El padre de la niña atropellada el 8 de enero, al que la Policía imputa la muerte del celador del Hospital Virgen del Rocío Gaspar García, de 64 años, está desde anoche en los calabozos de la Jefatura Superior de Sevilla, donde este mediodía iba a tomársele declaración, aunque previsiblemente no hablará por indicación de su letrado, Javier del Rey.

Según Del Rey, a quien la Policía avisó de ello poco antes de la rueda de prensa, probablemente el detenido se acogerá a su derecho a no declarar, si así lo decide, y el Grupo de Homicidios prevé ponerlo a disposición judicial el lunes, lo que vio "lógico" al no estar de guardia el Juzgado de Instrucción 18, que lleva el caso.

Sin dar detalles, el abogado confirmó que Ricardo pensó que el conductor al que descerrajó once tiros, tras atropellar de forma involuntaria a su hija, era del clan rival que se enfrentó a tiros con su familia el 27 de diciembre en el asentamiento chabolista del Vacie, en Sevilla, y que le ha dicho que "se confundió de persona".

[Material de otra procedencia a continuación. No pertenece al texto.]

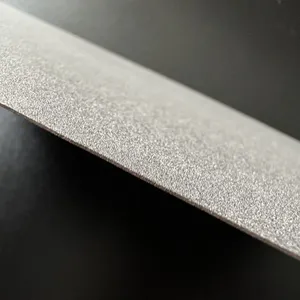 Ultra-thin 0.6mm Titanium Porous Transfer Layer for Hydrogen thumbnail-3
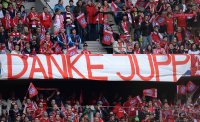 Fussball 1. Bundesliga  Saison  2012/2013: FC Bayern Muenchen  - FC Augsburg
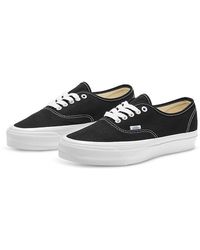 Vans - Lx Authentic Reissue Low Top Sneakers - Lyst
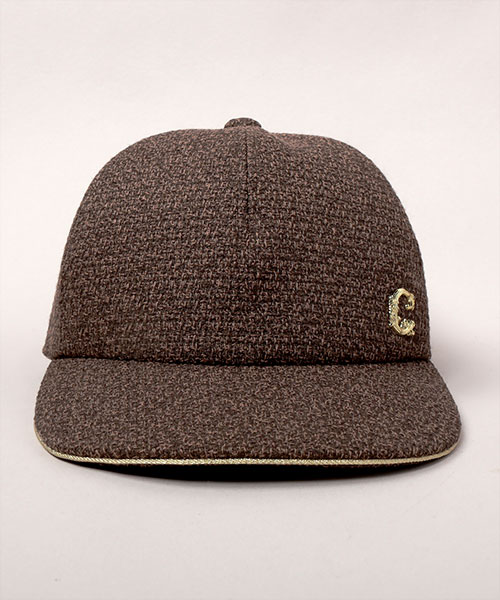 HK CAP7 GRAY ONESIZE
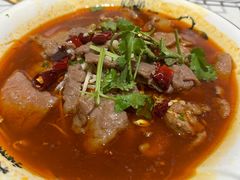 -宏玲餐厅(四川南路店)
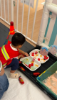Picture of Messy Play Wednesday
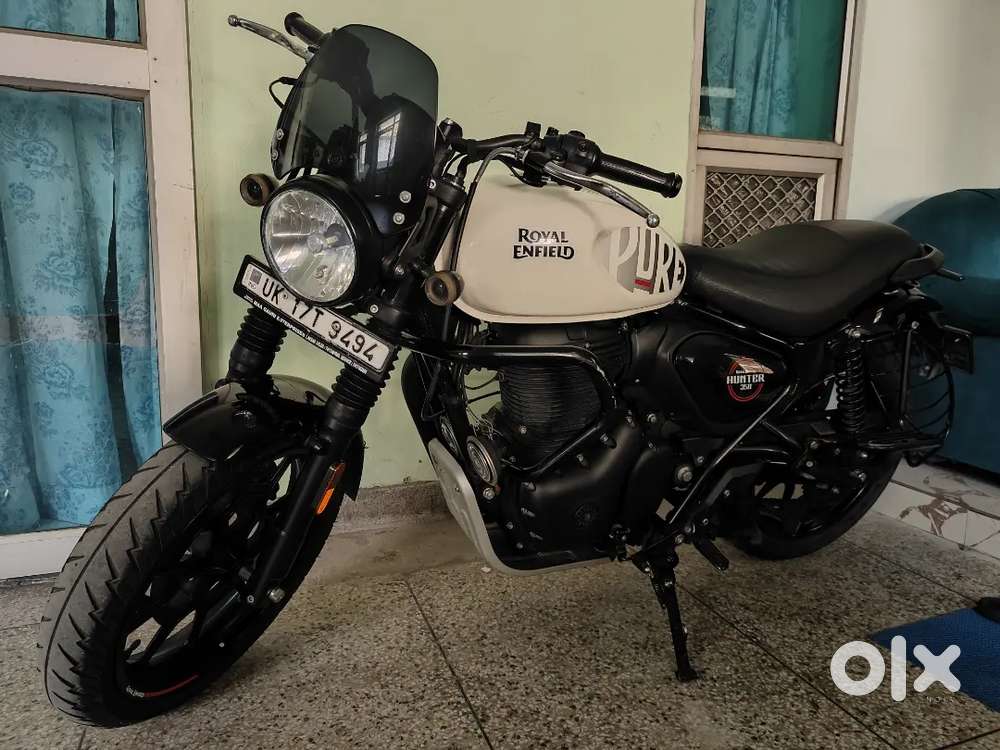 Well-Maintained Bike for Sale – Great Deal!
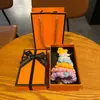 Presentes Criativos de Natal, Estrelas Coloridas de Lã Crochê à Mão, Enfeites Pequenos Decorativos para Árvore de Natal e Carro para Melhorar a Atmosfera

Añadió que su cliente "ha pedido perdón a la familia" del celador y piensa hacerlo públicamente cuando tenga la oportunidad, y afirmó que su entrega voluntaria, tras convencerlo su abogado después de doce días huido, y su arrepentimiento son un atenuante ante una condena hipotética, pues "es una forma de colaborar con la Justicia".

El detenido relató a su abogado que, tras el homicidio, huyó de inmediato a Portugal, deambuló por varias zonas a pie y haciendo autostop, y estuvo "errante y durmiendo a la intemperie", según Del Rey, hasta que "primos lejanos" lo acogieron cerca de Oporto, en Ovar, le dieron ropa y entonces decidió ponerse en contacto con él.

Su abogado y su familia no sabían su paradero, y probablemente su mujer, María Luisa C.J., de 31 años y encarcelada como presunta coautora, aún no sepa que se ha entregado, según su letrado, que dijo desconocer si la Policía ya lo tenía cercado, aunque le comentó que tenían sospechas de que estaba en el Algarve portugués.

Sobre su entrega, el letrado dijo que el jueves habló con el huido, que le había llamado varias veces, y le persuadió para que se entregara. Una vez convencido, Del Rey relató que informó al decano del Colegio de Abogados de Sevilla de que su cliente ponía la condición de entregarse acompañado por su abogado, tras lo cual habló para acordar todos los extremos y "una "garantía" para el viaje con el subdelegado del Gobierno y los jefes superior de Policía y del Grupo de Homicidios.

Tras una comparecencia, se le facilitó un escrito oficial donde constaban todas esas circunstancias para tenerlo durante el viaje como "salvoconducto" y poder proceder a la entrega voluntaria del detenido, lo que ocurrió anoche a las 23.00 horas en Ayamonte.